Нет, здесь намного более хитрое убийство: оно заключается в том, чтобы, следуя за другим постепенно, шаг за шагом стирать его следы.
Ведь никто не может жить без своих следов. Раньше или позже это понимает каждый, кого преследуют. Он не может не чувствовать, что его окружает какое-то колдовство, даже если внешне для этого нет никаких признаков. Серый кардинал или блондинка, которая следует за ним, не оставляет за собой следов, зато крадет его следы. Она непрерывно фотографирует его. Но фотография здесь не имеет перверсивного или архивного значения. Она просто показывает, что в таком-то часу, в таком-то месте, при таком-то освещении был такой-то. И одновременно: не было никакого смысла в его пребывании в данном месте в данный момент; и там на самом деле не было никого, я следовала за ним и могу гарантировать вам, что там никого не было. Это не памятные снимки присутствия, а снимки отсутствия – и того, за кем следят, и того, кто следит, – снимки их отсутствия друг для друга.
«Следуйте за мной, – говорил ей другой, к которому она обращалась своим недолгим слежением, – интереснее следовать за мной, чем хлопотать по хозяйству». Но это контрсмысл и перепутывание интереса с высшей степенью соблазна. Неинтересно узнать, например, что кто-то ведет двойную жизнь, разве что ради аромата любопытства, – важно то, что слежка сама по себе составляет двойную жизнь другого . Благодаря этому, любое сколь угодно банальное существование может оказаться преображенным [transfigurée], а любая сколь угодно исключительная жизнь – банализированной. Опять же речь идет не о преследовании, а о соблазне.
Князь Палагонии задумал воспользоваться фатальным эффектом кривых зеркал.
Этот жутко уродливый испанский дворянин построил в окрестностях Палермо виллу по своему образу и подобию, расставил повсюду статуи ужасных карликов, а стены обвесил кривыми зеркалами – и все для того, чтобы самая красивая девушка Сицилии, на которой он женился, могла видеть лишь свои отталкивающее отражения и таким образом смириться и полюбить его благодаря общему сходству.
Или же он укреплял свою власть в сотворении мира похотливых форм (уродство похотливо), где красота воспринимается как вызов или как уязвимость, потому что, в сущности, совершенство невыносимо?
Быть может, в этом заключается тайна всякого соблазна: он протягивает красоте кривое зеркало, где она наконец освобождается от своего совершенства. Если взять шире, то соблазн протягивает чудное зеркало другому, где он наконец освобождается от своей сущности, своей свободы, своего образа, своего подобия, от всего, что обременяет его, в тайне от него самого.
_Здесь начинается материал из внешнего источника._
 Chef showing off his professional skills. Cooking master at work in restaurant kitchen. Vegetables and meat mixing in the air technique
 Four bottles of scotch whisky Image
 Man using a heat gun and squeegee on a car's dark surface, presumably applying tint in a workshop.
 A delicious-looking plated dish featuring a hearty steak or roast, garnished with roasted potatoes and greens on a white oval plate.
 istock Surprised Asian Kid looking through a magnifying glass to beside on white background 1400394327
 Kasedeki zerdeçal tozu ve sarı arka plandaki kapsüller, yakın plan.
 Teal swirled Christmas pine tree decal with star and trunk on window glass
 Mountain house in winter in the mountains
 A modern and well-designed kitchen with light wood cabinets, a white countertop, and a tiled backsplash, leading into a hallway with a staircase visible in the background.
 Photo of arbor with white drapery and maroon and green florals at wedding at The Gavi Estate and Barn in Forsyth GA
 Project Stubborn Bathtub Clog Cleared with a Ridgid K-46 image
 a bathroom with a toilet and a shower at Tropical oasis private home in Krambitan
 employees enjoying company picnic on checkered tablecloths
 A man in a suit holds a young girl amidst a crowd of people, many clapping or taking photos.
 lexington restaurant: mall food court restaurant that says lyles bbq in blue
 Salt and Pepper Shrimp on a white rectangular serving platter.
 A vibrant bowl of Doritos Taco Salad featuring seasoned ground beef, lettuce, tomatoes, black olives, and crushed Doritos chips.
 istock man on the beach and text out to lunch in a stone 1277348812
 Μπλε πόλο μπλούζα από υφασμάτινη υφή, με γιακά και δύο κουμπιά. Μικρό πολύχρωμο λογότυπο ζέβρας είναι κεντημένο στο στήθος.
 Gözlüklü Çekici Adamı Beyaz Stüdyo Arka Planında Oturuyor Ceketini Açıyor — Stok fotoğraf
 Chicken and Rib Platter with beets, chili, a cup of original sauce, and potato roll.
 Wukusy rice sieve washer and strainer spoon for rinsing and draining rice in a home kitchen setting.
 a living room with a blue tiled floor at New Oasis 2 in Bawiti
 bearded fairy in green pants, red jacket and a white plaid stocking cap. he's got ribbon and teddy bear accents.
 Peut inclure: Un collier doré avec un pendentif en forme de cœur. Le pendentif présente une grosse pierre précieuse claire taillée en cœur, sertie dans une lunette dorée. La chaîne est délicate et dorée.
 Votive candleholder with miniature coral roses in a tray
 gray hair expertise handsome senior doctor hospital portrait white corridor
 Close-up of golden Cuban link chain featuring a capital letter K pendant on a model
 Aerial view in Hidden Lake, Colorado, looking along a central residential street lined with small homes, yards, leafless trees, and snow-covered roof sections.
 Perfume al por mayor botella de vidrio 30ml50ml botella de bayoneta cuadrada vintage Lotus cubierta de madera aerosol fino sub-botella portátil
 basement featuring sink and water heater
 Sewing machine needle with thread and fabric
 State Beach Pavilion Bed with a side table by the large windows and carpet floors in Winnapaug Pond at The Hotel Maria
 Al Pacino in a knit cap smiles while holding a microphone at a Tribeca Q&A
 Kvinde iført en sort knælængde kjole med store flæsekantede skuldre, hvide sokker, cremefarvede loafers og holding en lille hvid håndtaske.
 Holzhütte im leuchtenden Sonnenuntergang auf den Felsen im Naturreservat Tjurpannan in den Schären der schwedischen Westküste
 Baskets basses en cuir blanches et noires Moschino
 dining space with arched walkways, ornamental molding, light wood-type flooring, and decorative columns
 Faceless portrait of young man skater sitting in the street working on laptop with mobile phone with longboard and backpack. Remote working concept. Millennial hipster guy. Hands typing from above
Даже Бога соблазняет Дьявол.
Существует ли тайна виллы Палагония? Нет, красота стремится к худшему, чем она, она хочет быть заключенной, оскверненной, истязаемой (под сводом часовни болтается подвешенный за лопатки Христос, будто чучело какой-то нелепой птицы), и первый, кто захочет это сделать, соблазнит ее своим уродством.
Но не первый встречный. У князя Палагонии была благородная душа.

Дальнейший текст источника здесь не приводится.